Esse projeto é um convite para quebrar o tabu. Um canal de inspiração e de informação para quem vive o luto e para quem deseja ajudar

Filha única, aprendi na marra!

Ele já fazia parte da minha vida desde o dia em que eu nasci. E desse dia, até o dia da sua morte, ele nunca deixou de fazer parte da minha vida.
mariana
Mariana e Eduardo

Entorpecimento talvez seja a palavra que mais se encaixa ao recebermos a informação do abrupto rompimento de um vínculo: a morte de alguém que amamos muito.

Depois da rasteira da notícia, o primeiro sentimento doloridíssimo: Por que com ele? Por que não eu? Que peso não ter sido a escolhida!

E a partir dali o maior desafio da minha família era viver a despeito daquela dor. O que fazer com a morte e o que fazer com a vida no mesmo instante? Ambas ali, juntas? Como ajustar-se ao meio na qual aquele ser único e amado não pertence mais? Como conviver com esse vazio? Como fazer para viver sem a sua companhia? Como aprende a ser filha única? Alguém me ensina?

Durante 17 anos da minha vida acreditei cegamente que ele seria meu maior companheiro, o companheiro para o resto da minha vida.

Durante muitos anos minha companhia de quarto, de dormir e acordar junto, de viver junto, de fazer tudo junto. De brigar junto e fazer as pazes junto. Certamente aquela pessoa a quem você recorre sempre que precisa.

Será que serei suficientemente boa filha a partir dessa tragédia? Será que poderei ocupar o espaço dessa dor? Será que poderei suprir a dor dos meus pais? Por que não eu? Talvez porque a gente não escolhe morrer. Se fosse uma opção, eu certamente teria ido no lugar dele.

Será que meus pais suportarão essa dor? Juntos? Separados?

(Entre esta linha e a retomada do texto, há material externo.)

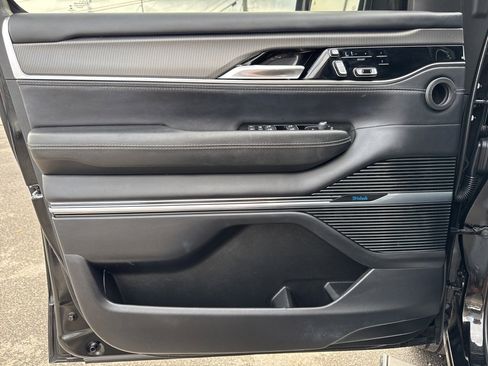 Used 2022 Jeep Grand Wagoneer Series II image 40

Nova perda:  pais separados. Alguém me ensina a aceitar a realidade dos fatos? Filhos querem ver pais juntos, unidos. Nesse momento, onde todas as dimensões do luto estão presentes, filhos jamais querem ver pais separados. Filho, na hora da dor, quer abraçar pai e mãe, preferencialmente em harmonia. Jamais desejam pais em desarmonia.

Tinha uma única certeza: algum dia a vida me mostraria o porquê disso tudo. Não sabia da onde vinha tamanha certeza, mas ela estava presente dentro de mim desde sempre. A partir desse dia, Papai do Céu ganhou nova companhia, alguém que cuida de mim como um anjo e segue confortando meu coração em todas as minhas orações, escolhas e encontros. Além de acessar minha coragem e me impulsionar para frente, com toda amorosidade.

Não há morte pior ou melhor, assim como em outros lutos, perder irmão também vai além da dor física e da total desorganização mental, são as tais “perdas secundárias”.

Será que conseguiria conviver com aquela saudade de momentos nunca vividos? E sobrinhos? Como vou viver sem sobrinhos, sem cunhada, ou eventualmente cunhado? Não importa. O que importa é que vivo diariamente essa saudade, aquela jamais vivida. Saudade de ir para a casa de irmão e abrir a geladeira como se fosse a geladeira da minha casa. De sentar na mesa da cozinha e trocar ideia até as 4 da manhã. De ver sobrinhos nascerem ou apoiar-nos incondicionalmente.

Me casei: como não dar a oportunidade ao meu marido de conviver com meu irmão? Como não dar a minha primeira filha para ele apadrinhar? Como não dar o meu segundo filho para ele apadrinhar? Como explicar para a minha filha de 6 anos – que tem curiosidade sobre a história da nossa família, o motivo pelo qual o Tio Edu não está mais entre nós?

É simbólico, mas mesmo assim emociona. Ainda me emociona ver pai e mãe encontrando estratégias diferentes para sobreviver, até hoje.

Continuo me emocionando todos os dias.

O tempo sempre foi meu grande aliado. Já se vão alguns anos e a vida trata de nos conduzir da melhor forma, trazendo novos significados para aquela dor. Uma delas, a gratidão, é um sentimento muito presente na minha vida e presente do meu maior companheiro, meu companheiro da vida.


M
ariana Clark é psicóloga com 16 anos de experiência no mundo corporativo e nos últimos 7 anos como executiva na área de Recursos Humanos. Há um ano escolheu mudar. Escolheu ganhar a vida cuidando de vidas, com especialização e foco no universo feminino, apoiando mulheres a recontar suas próprias histórias.

Perdeu seu irmão Eduardo aos 17 anos, assassinado de forma trágica, em uma briga de rua. “Ele tinha 19 anos, e a partir dali, minha história tem sido recontada através de muita gratidão”.